ESTA ATITUDE do Presidente da AR ultrapassou de longe o código de comportamento linguístico exigível a um deputado pelo bom senso, se é que é admissível algum código que não seja o que lhe dita a consciência e as superiores funções de exercício da soberania em nome da Nação. Na verdade, os deputados são titulares de soberania em nome da Nação (e não do círculo eleitoral que os elegeu, do partido que os propôs ou do Presidente da Assembleia da República) e, por isso, possuem prerrogativas de carácter verdadeiramente excepcional, como, por exemplo, o não poderem ser removidos da função, excepto nos casos previstos pela lei (mandato não imperativo) ou pela constituição (como é o caso da incrível alínea c) do art. 160) e possuírem imunidade, ou seja, não poderem ser perseguidos pela justiça pelo uso da palavra no exercício da suas funções (n.1 do art. 157 da CPR: “Os Deputados não respondem civil, criminal ou disciplinarmente pelos votos e opiniões que emitirem no exercício das suas funções”).
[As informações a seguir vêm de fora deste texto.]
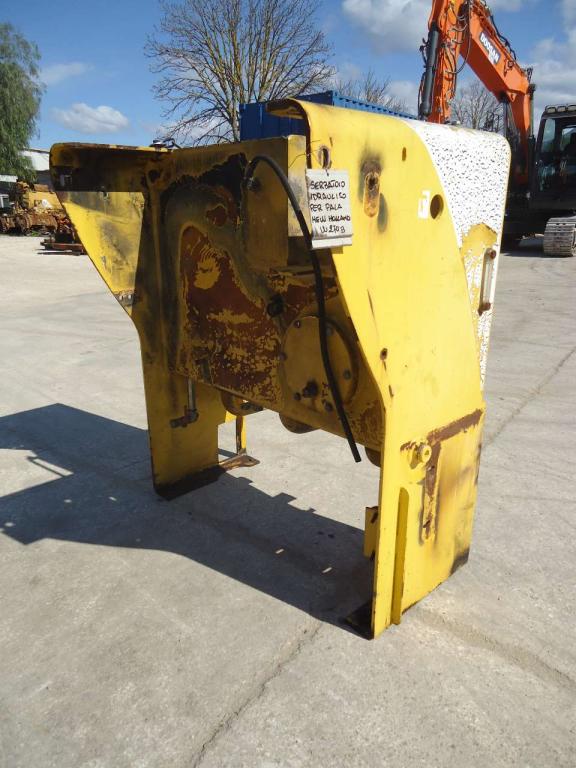 Depósito para aceite para New Holland W270B Foto 1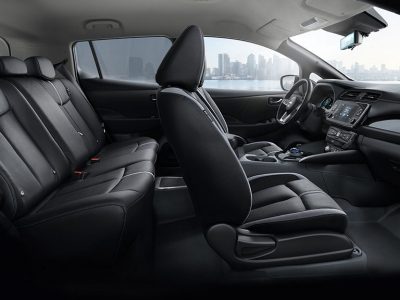 תא הנוסעים של ניסאן ליף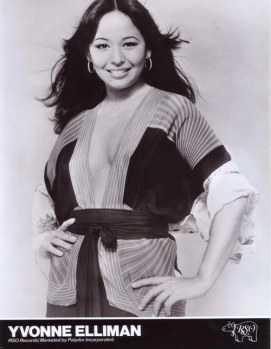 yvonne_elliman_in_pyjama-like_outfit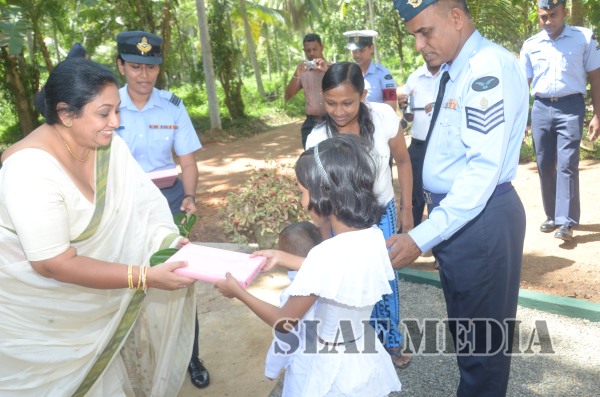 8th ‘Guwan Lak Sevana’ House Handed Over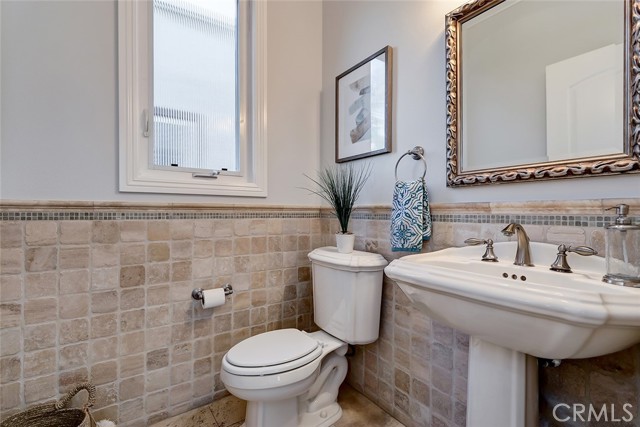 720 10th Street, Hermosa Beach, California 90254, 4 Bedrooms Bedrooms, ,3 BathroomsBathrooms,Residential,Sold,10th,SB21226543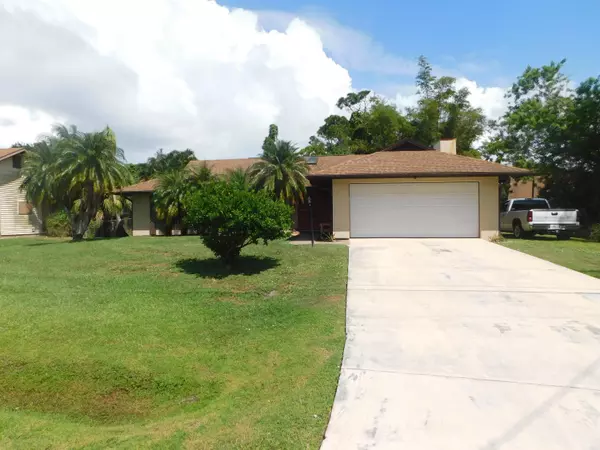 Fort Pierce, FL 34982,5810 Balsam DR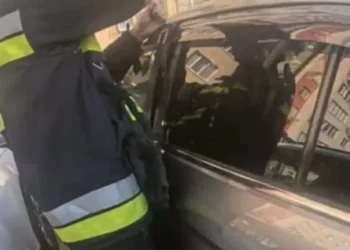 Un copil de 5 ani a rămas blocat într-o mașină în Chișinău, a fost salvat de pompieri în mai puțin de 10 minute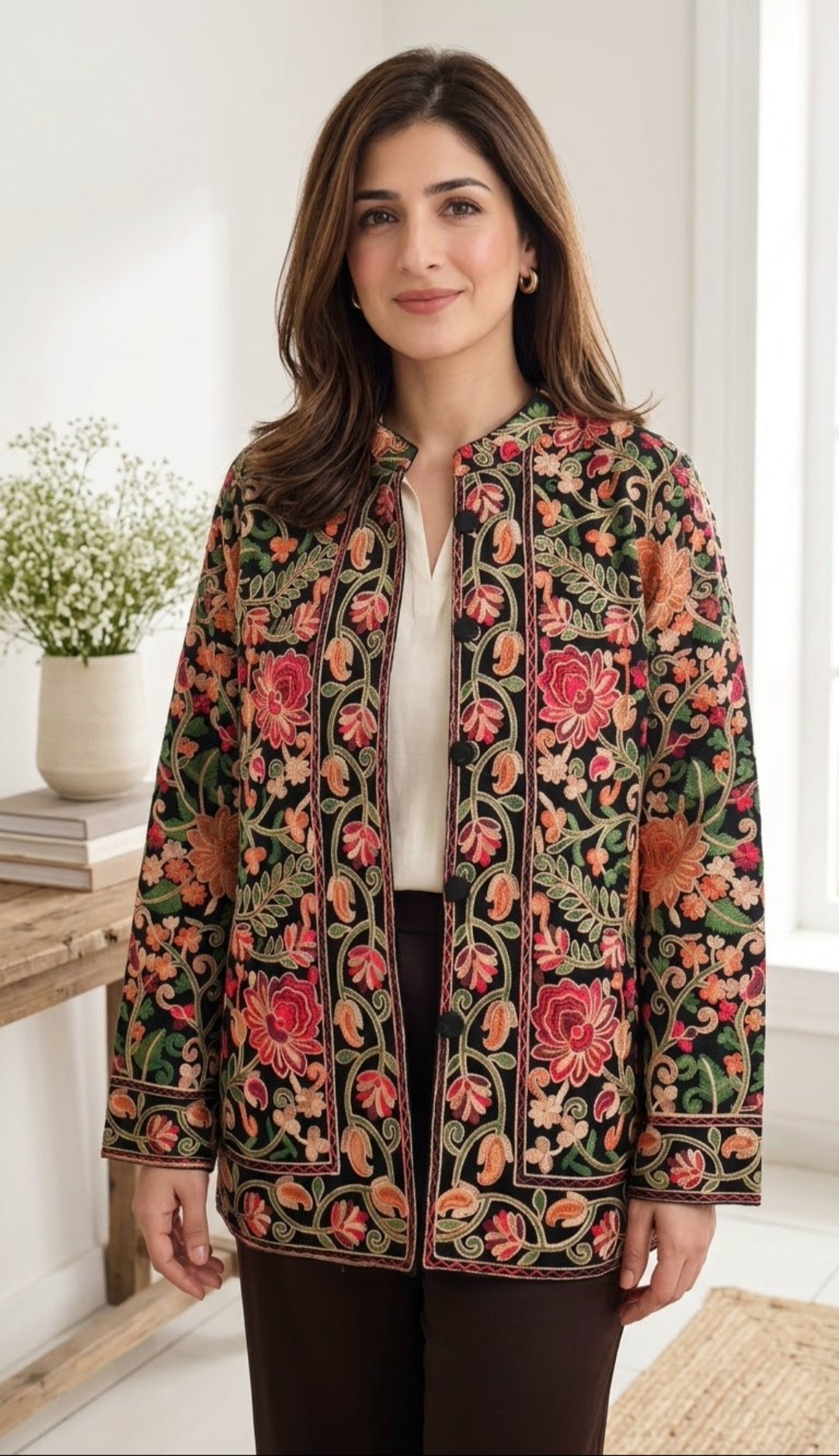 Embroidered coat: Pashmina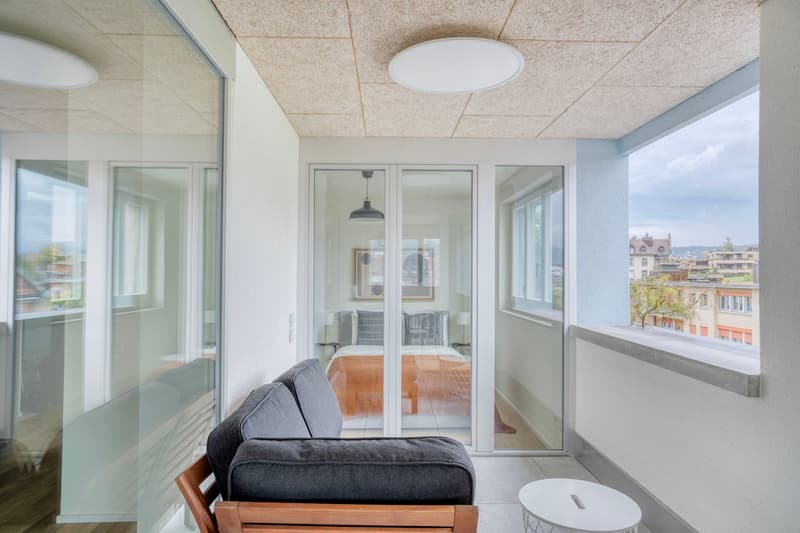 Exklusive Enge 3.5 Zimmer mit W/T, nah zum Markt über Blueground (16)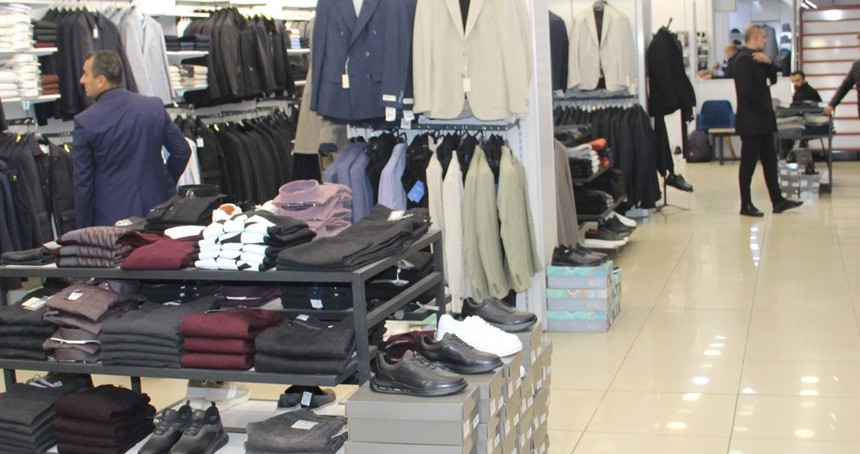 Giyimci esnafı soğuk hava bekleyişinde: Kış gelmedi, satışlar durdu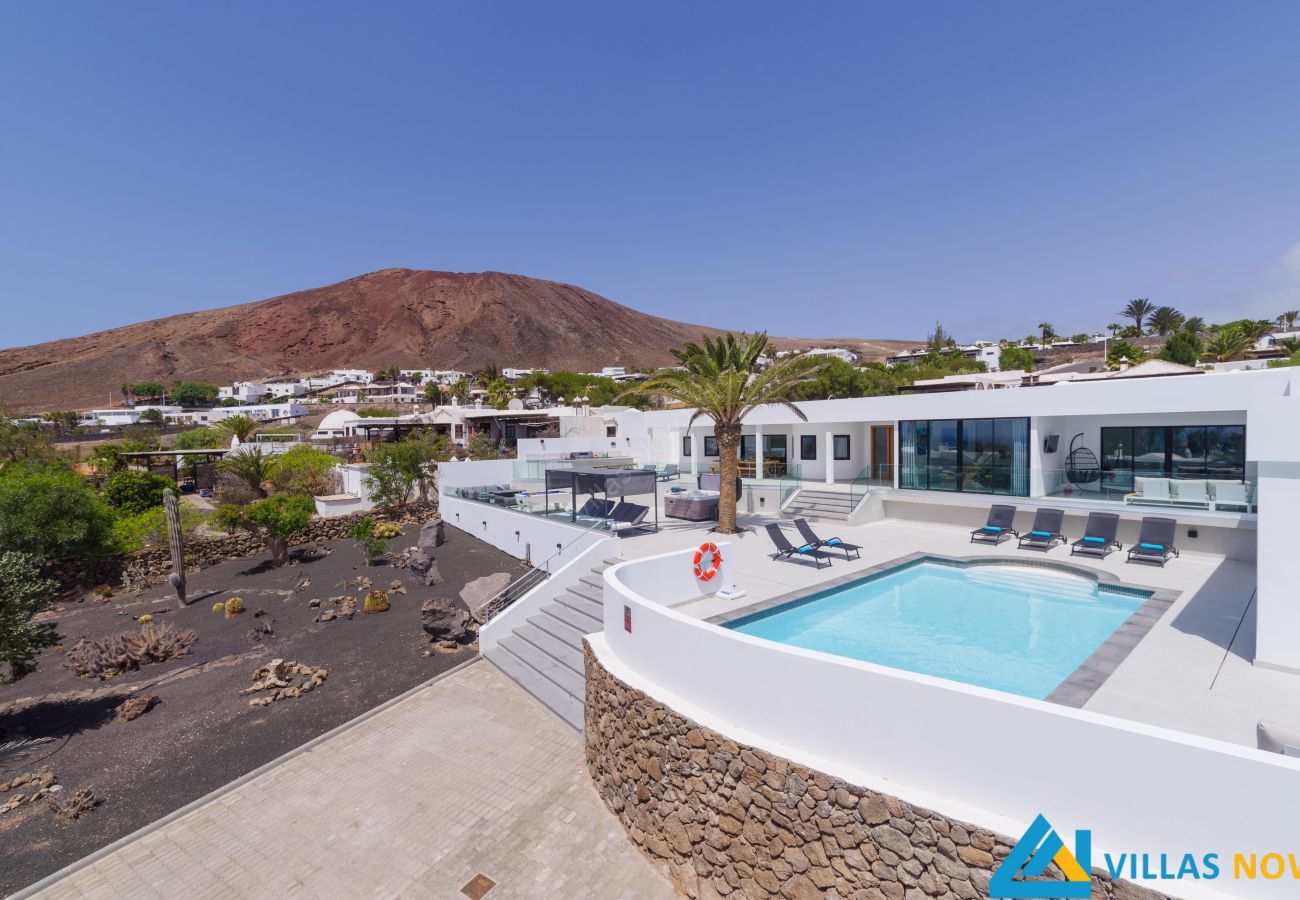 Villa en Playa Blanca - 236 - Casa Yasmine (LH236)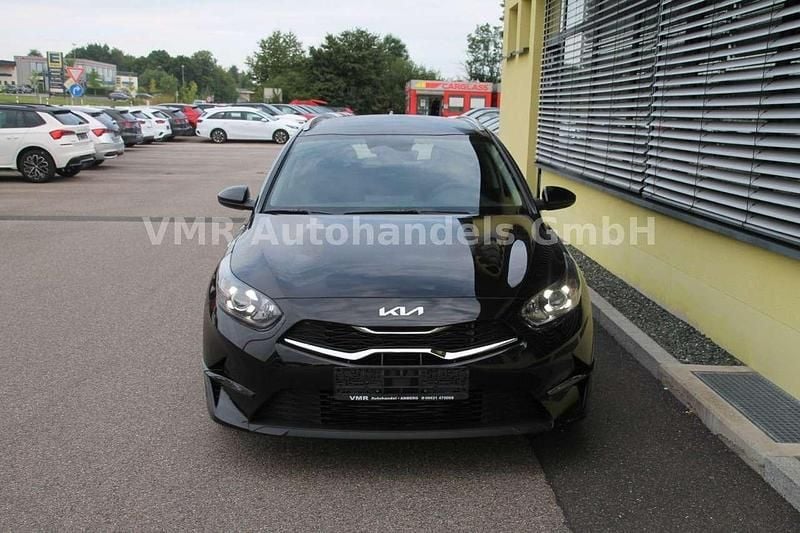 Neu Kia Ceed Sportswagon 140 PS (102 kW) 2025 Schwarz Kombi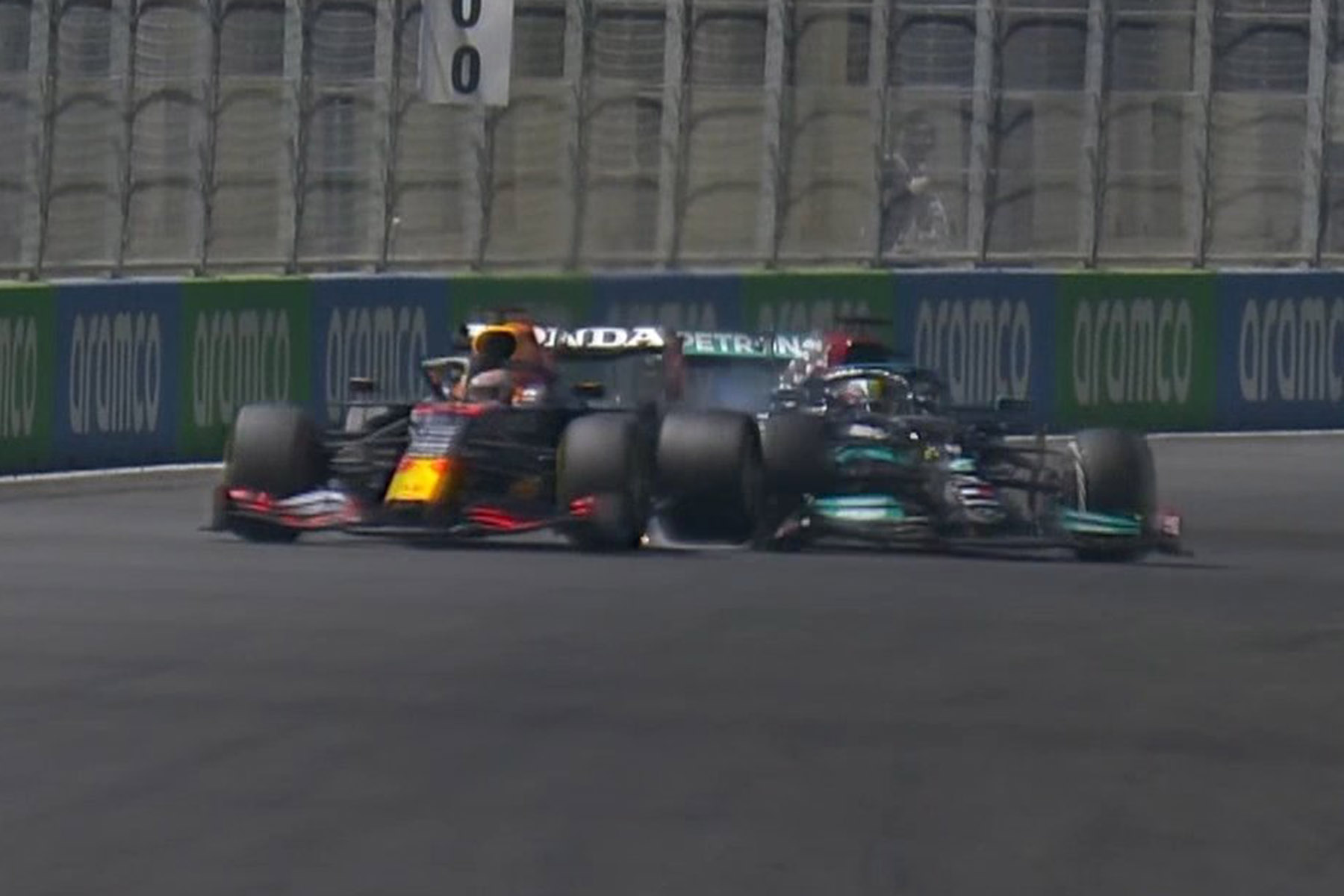 Formel 1 Verstappen Hamilton Crash Saudi Arabien GP 2021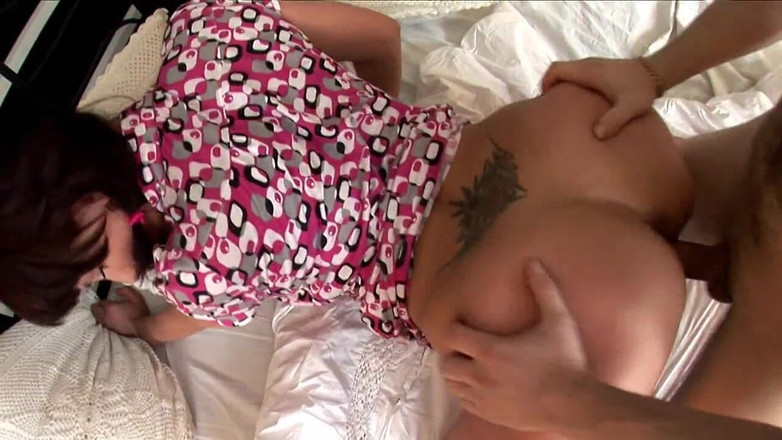 Anal seduction: Gagică brunetă sexy cu țâțe mari suculente se bucură de anal...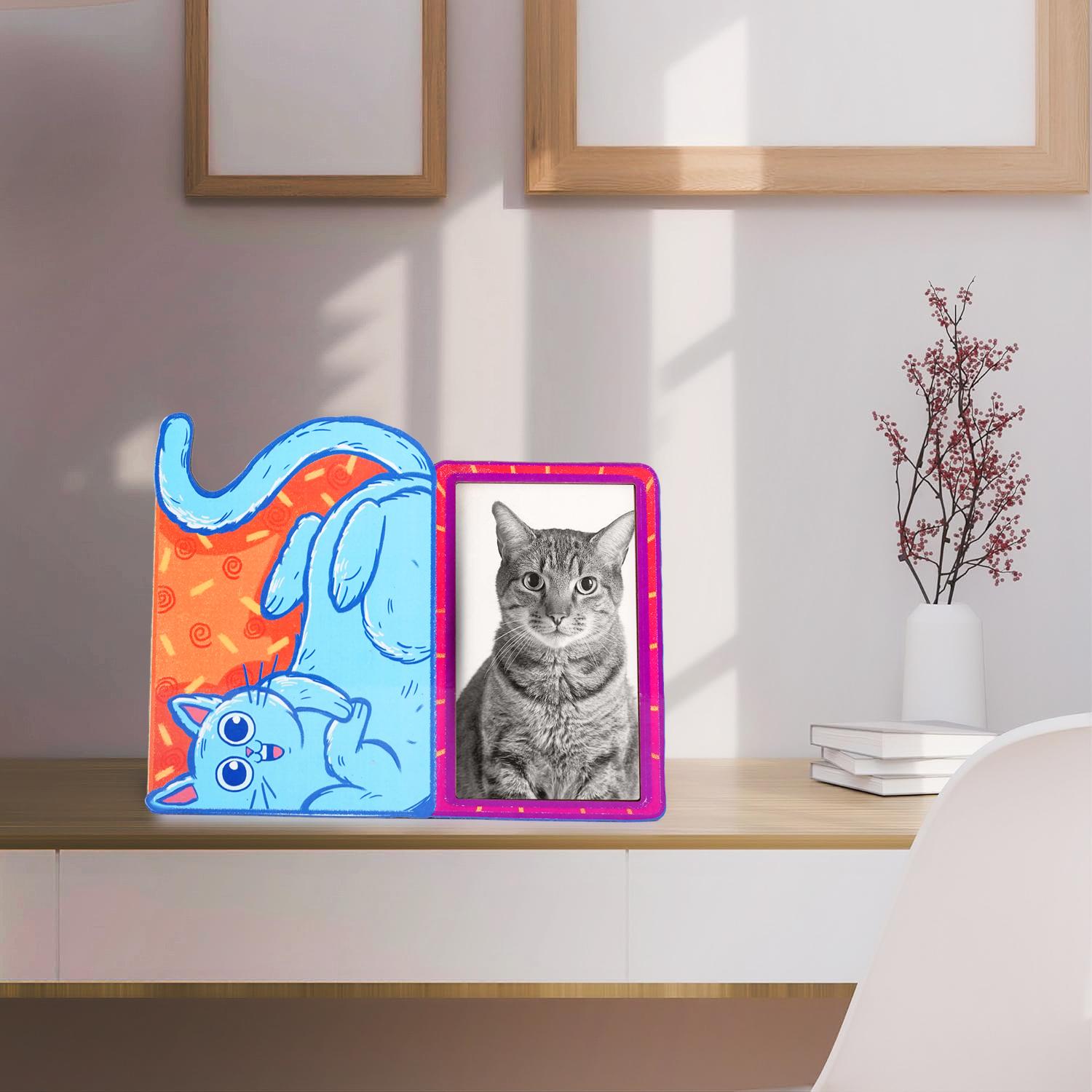The Blot Studio Cat inverted photo frame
De resto, a constituição fundacional do sistema representativo, a francesa de 1791, já prescrevia o seguinte sobre a natureza do mandato:
“Les représentants de la Nation sont inviolables: ils ne pourront être recherchés, accusés ni jugés en aucun temps pour ce qu’ils auront dit, écrit ou fait dans l’exercice de leurs functions de représentants” (Art. 7, Section V, Cap. I, Título III).
Se combinado, este artigo, com o artigo 10 da Declaração dos Direitos do Homem e do Cidadão, aplicável aos cidadãos em geral, note-se (“Nul ne doit être inquieté pour ses opinions, même religieuses, pourvu que leur manifestation ne trouble pas l’ordre public établi par la loi”), o lugar do deputado fica ainda mais blindado no que respeita à liberdade de opinião. “Même religieuses” – atente-se no complemento, vista a importância que a religião tinha na altura em que a Declaração foi redigida, para indicar a insindicabilidade da opinião, não já dos deputados, mas tão-somente dos cidadãos. Pois não parece ser este o entendimento de dois Presidentes da AR, o actual e o anterior, tão empenhados em vigiar o comportamento linguístico dos deputados. Entendimento profundamente errado porque fere gravemente a liberdade e a função de representação.
III.
O TERRENO PRIMORDIAL do combate político é o da sociedade civil, o confronto entre partidos (organismos privados) nas competições eleitorais, em campanha eleitoral ou em “permanent campaigning”, ou seja, na afirmação regular das diferenças em matéria de valores, de protagonistas e de programas, e, depois, já no parlamento, entre os deputados e os grupos parlamentares, num plano onde o estatuto dos protagonistas se alterou em upgrade porque, uma vez eleitos, passaram a ser portadores de um mandato não imperativo e a serem titulares de soberania nacional (a soberania reside na nação – ou no povo, consoante a constituição se aproxime mais ou menos da originária matriz liberal – e o Parlamento é o principal órgão de soberania). O Presidente da Assembleia da República, que é também deputado, o que deve fazer é garantir a regularidade, a normalidade e a eficácia dos debates e o funcionamento do princípio da maioria para a produção de deliberações válidas universalmente. O seu não é um papel de censor moral ou de vigilante da argumentação parlamentar, que é livre. No parlamento, as posições políticas devem ser afirmadas ou rebatidas pelos deputados e pelo grupos parlamentares e não pelo Presidente da AR, que deve ser supra partes, garantindo a sua autoridade por via da isenção e não enquanto paladino de causas ou apóstolo da moralidade parlamentar. Ser eleito Presidente do Parlamento não o investe de uma condição oracular que se sobreponha à moralidade que cada grupo parlamentar exiba, procurando dar voz ao próprio eleitorado e, assim, juntamente com outras e diferentes vozes, cooperar para que o parlamento exprima realmente na sua totalidade o país que representa.
IV.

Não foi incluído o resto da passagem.